44歳、パリで考古学を学ぶ。46歳、博士号を取得、ギリシャ・トルコ旅行。47歳、アテナイで二度目の結婚、「シナと日本」をパリで刊行。そして49歳でトロイアを発掘。54歳、ミケナイ発掘。59歳、シュリーマンの館完成、トロイアの発掘品をドイツに寄贈。62歳、ティリマチス発掘。63歳、エジプト旅行。67歳、トロイアで第1回国際会議。68歳、ナポリで急死。

シュリーマンは館の書斎に多くの格言を掲げていた。ソクラテスも同様であったそうだ。自分に言い聞かせていた言葉だろうか。「汝自身を知れ」「精神の浄化」「何事も中庸が肝心である」「教養がないということは深刻な問題である」「勉学は非常に重要である」「何事も適切な時に行うべきである」「休養は次の仕事に大切。しかし寝すぎないように」「よい子はよい家庭で育つ」。

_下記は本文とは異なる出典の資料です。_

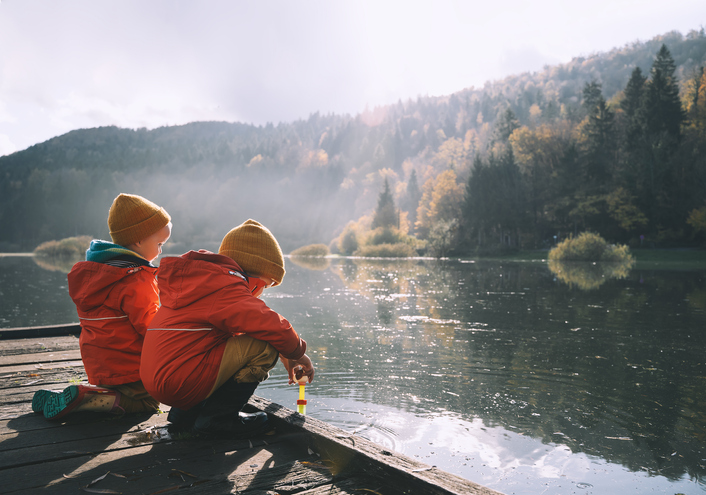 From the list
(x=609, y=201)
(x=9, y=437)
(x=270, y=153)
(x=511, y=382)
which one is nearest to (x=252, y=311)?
(x=9, y=437)

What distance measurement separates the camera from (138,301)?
9.34 feet

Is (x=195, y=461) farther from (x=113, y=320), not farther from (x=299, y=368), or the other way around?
(x=113, y=320)

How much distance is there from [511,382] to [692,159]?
173 feet

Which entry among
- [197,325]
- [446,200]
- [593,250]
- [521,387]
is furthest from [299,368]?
[446,200]

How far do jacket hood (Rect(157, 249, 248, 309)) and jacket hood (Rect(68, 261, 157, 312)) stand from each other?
1.94ft

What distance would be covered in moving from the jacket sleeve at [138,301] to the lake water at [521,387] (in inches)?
86.4

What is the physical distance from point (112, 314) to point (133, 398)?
0.55 meters

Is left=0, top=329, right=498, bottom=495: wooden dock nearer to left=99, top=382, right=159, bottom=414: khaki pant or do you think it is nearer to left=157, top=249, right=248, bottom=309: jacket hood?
left=99, top=382, right=159, bottom=414: khaki pant

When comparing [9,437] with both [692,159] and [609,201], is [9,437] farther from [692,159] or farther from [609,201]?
[692,159]

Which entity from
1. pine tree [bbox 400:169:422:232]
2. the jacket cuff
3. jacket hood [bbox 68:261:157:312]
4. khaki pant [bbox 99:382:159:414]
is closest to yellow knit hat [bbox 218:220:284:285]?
the jacket cuff

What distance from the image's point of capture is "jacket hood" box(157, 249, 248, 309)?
2.38 metres

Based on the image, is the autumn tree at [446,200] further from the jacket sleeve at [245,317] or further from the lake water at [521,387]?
the jacket sleeve at [245,317]

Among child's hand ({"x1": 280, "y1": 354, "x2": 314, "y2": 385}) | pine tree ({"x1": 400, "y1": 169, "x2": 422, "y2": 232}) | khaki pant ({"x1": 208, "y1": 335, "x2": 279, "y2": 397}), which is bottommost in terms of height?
child's hand ({"x1": 280, "y1": 354, "x2": 314, "y2": 385})

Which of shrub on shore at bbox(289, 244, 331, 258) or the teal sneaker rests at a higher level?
the teal sneaker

健康第一であったシュリーマンは海水浴を唯一の健康法と信じ、夏は早朝4時、秋と冬も5時の水浴を欠かさなかった。そのために耳疾を悪化させ命を落としている。

この尊敬すべき人物が八王子を旅している。6月18日から20日である。原町田と八王子はいずれも当時の人口は2万。八王子は絹の生産地で手工芸の町として有名であった。前方には常に富士山が見えていた。休憩した豊顕寺では境内の秩序と清潔さに心を打たれている。中国のごてごてと飾り立てた不潔で退廃的な寺とは違った。そして親切で清潔な僧侶にも感心している。シナの坊主の無礼、尊大、下劣とは違った。

シュリーマンは「世界の他の地域と好対照をなしていることは何一つ書きもらすまいと思っている私」と自分を心構えを述べている。日本では庶民も、日本男児は心づけ(賄賂)につられて義務をないがしろにしないことに感心している。また役人は最大の侮辱は現金を贈られることであり、受け取るくらいなら切腹を選ぶと驚いている。
「日本人はみんな園芸愛好家である」「日本人が世界でいちばん清潔な国民であることは異論の余地がない」「平和、行き渡った満足感、豊かさ、完璧な秩序、そして世界のどの国にもましてよく耕された土地が見られる」「工芸品において蒸気機関を使わずに達することのできる最高の完成度に達している。、、教育はヨーロッパの文明国家以上にも行き渡っている。」。シュリーマンの奇跡的な人生には興味が湧く。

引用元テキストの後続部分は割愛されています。